→ **Required action**:
Below are entries with pictures in them. Output exactly the lines starting at the line with "cabane_a_sucre_damours_1" and ending at the line with "NYC | Francuska", both included, but not the pictures.

Provided material START

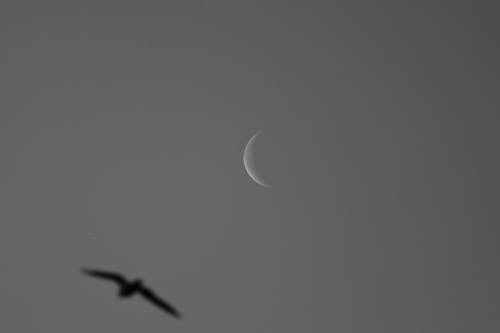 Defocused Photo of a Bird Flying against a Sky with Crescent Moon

Provided material END
Provided material START

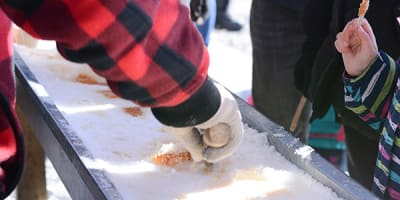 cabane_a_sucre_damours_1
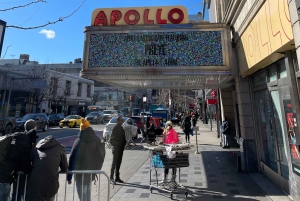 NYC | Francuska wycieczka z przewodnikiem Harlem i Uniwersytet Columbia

Provided material END

→ **Exercise output**:
 cabane_a_sucre_damours_1
 NYC | Francuska wycieczka z przewodnikiem Harlem i Uniwersytet Columbia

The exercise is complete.